Thursday, April 12, 2012

Post-Easter Thoughts

#1 - Having both yours and your husband's church volunteering responsibilities converge on one day, and that day being Easter, will not serve to make for a calm and peaceful holiday.  It might, indeed, result in your husband and the older kids eating at Ruby Tuesday's while you and your younger child serve in the church nursery, entertaining 2 year-olds who had too much candy before coming to the 3rd service.

#2 - Hiding Easter eggs inside the house is a sure way to find all the nooks and crannies of the house that have not been cleaned in the last year . . . or two.




#3 - This may be the last year for this particular child to hunt for his Easter basket.  He's 12.  I know how the eagerness pales with each progressive march into the teen years.  ::sniff::  As you grow up, things change!  But for this year, he was still eager!



(No, Youngest Son, you do not need to look through the clean 
laundry sitting on the living room couch to find your Easter eggs!)

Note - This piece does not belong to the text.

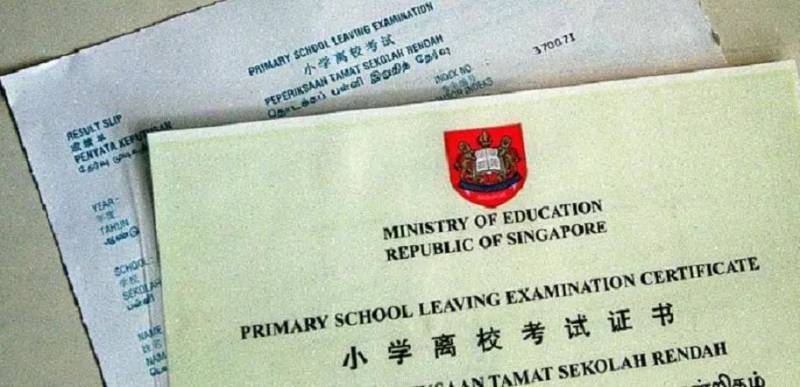 新加坡小升初比例非100%，剩下的人去哪读书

#4 - I am very happy that I still have a little one that gets positively ecstatic about Easter.  There is definitely joy to be had in having babies after 40!!



(Wait . . . a tattoo on this child's arm?  At Easter?  How did that clear morning inspection?)


#5 - Apparently the brilliant engineer who designs Christmas lights so that the wiring disintegrates as the lights are stored in the attic over the summer and subsequently brings millions of Americans to tears of frustration approximately one month before Christmas has now been assigned to designing Easter eggs.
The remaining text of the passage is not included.